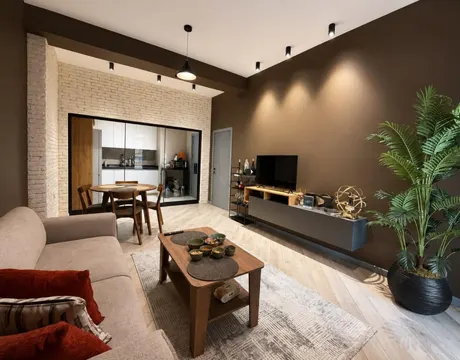 Белый город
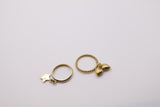 Sterling Silver Earrings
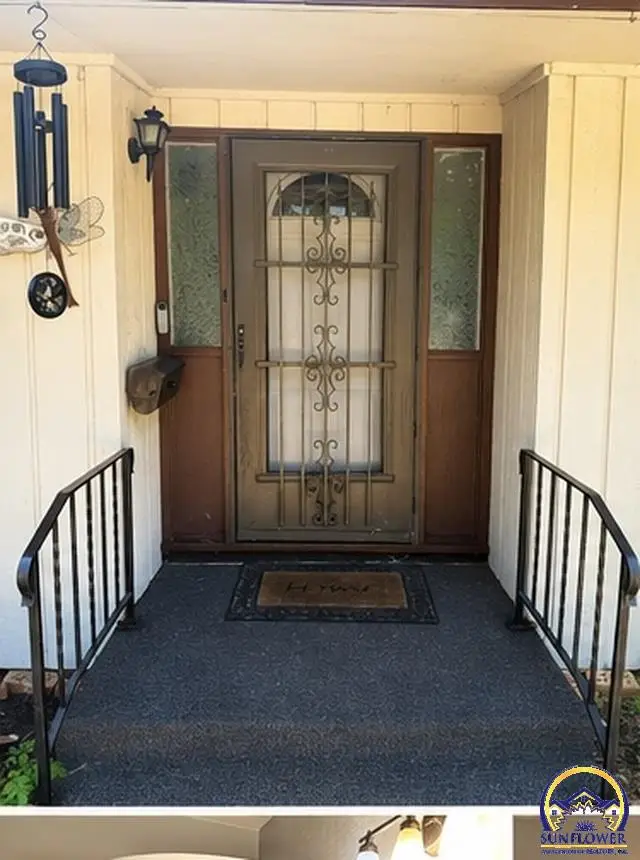 1601 SW 28th Ter, Topeka, KS 66611 - #3
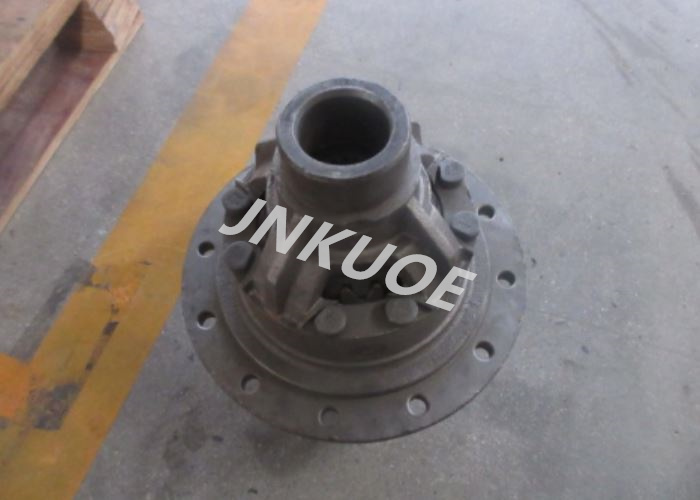 ZL30.2.1-26 ZL30.2.1-14 КОМПЛЕКТ КОРПУСА ДИФФЕРЕНЦИАЛА ENSIGN YX635/YX63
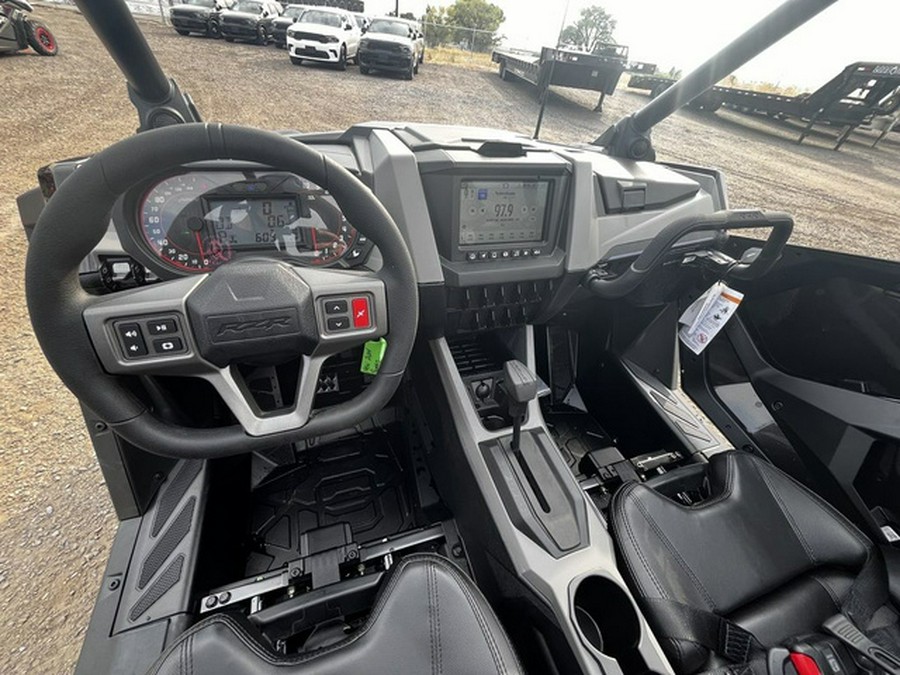 2024 Polaris RZR Pro XP 4 Ultimate
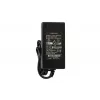 Barošanas bloks 24V 96W (4A) ar 5,5×2,1 mm ligzdu, Extralink, iekštelpu PoE adapteris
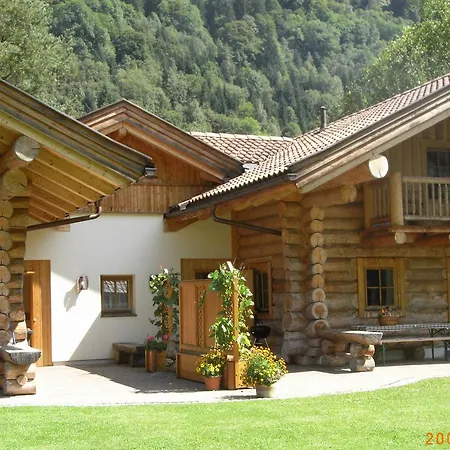 Chalet Alpen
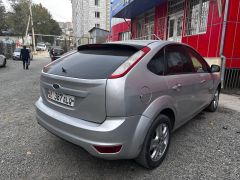 Сүрөт унаа Ford Focus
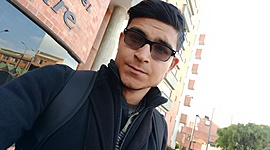 Timeline: Mi linea de tiempo personal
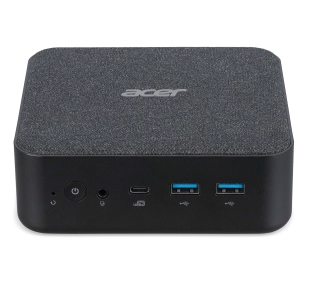 Acer Revo Box RB102-13U5U i5-1334U 16GB RAM 512GB Dysk SSD Eshell Czarny - Kup na Raty - RRSO 0%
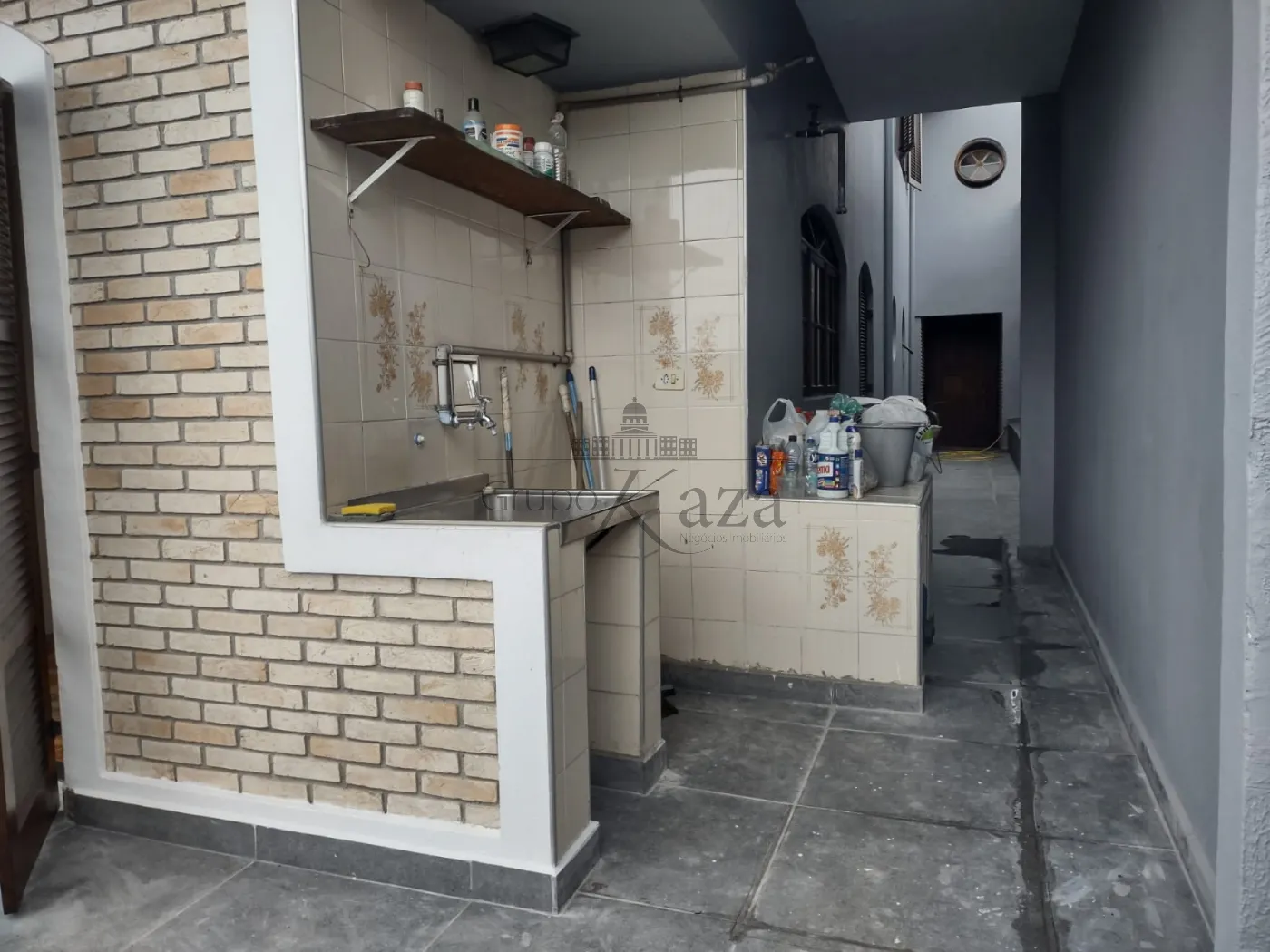 Foto 26 de Casa Padrão em Jardim Bela Vista, São José dos Campos - imagem 26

· · · · ·

▶ _AIM OF THE TASK_: Please transcribe, word for word, every line from the first line of the records above through the line containing "Timeline: Mi linea de tiempo personal", and leave out any pictures.

▶ _YOUR RESPONSE_:
 Белый город
 Sterling Silver Earrings
 1601 SW 28th Ter, Topeka, KS 66611 - #3
 ZL30.2.1-26 ZL30.2.1-14 КОМПЛЕКТ КОРПУСА ДИФФЕРЕНЦИАЛА ENSIGN YX635/YX63
 2024 Polaris RZR Pro XP 4 Ultimate
 Barošanas bloks 24V 96W (4A) ar 5,5×2,1 mm ligzdu, Extralink, iekštelpu PoE adapteris
 Chalet Alpen
 Сүрөт унаа Ford Focus
 Timeline: Mi linea de tiempo personal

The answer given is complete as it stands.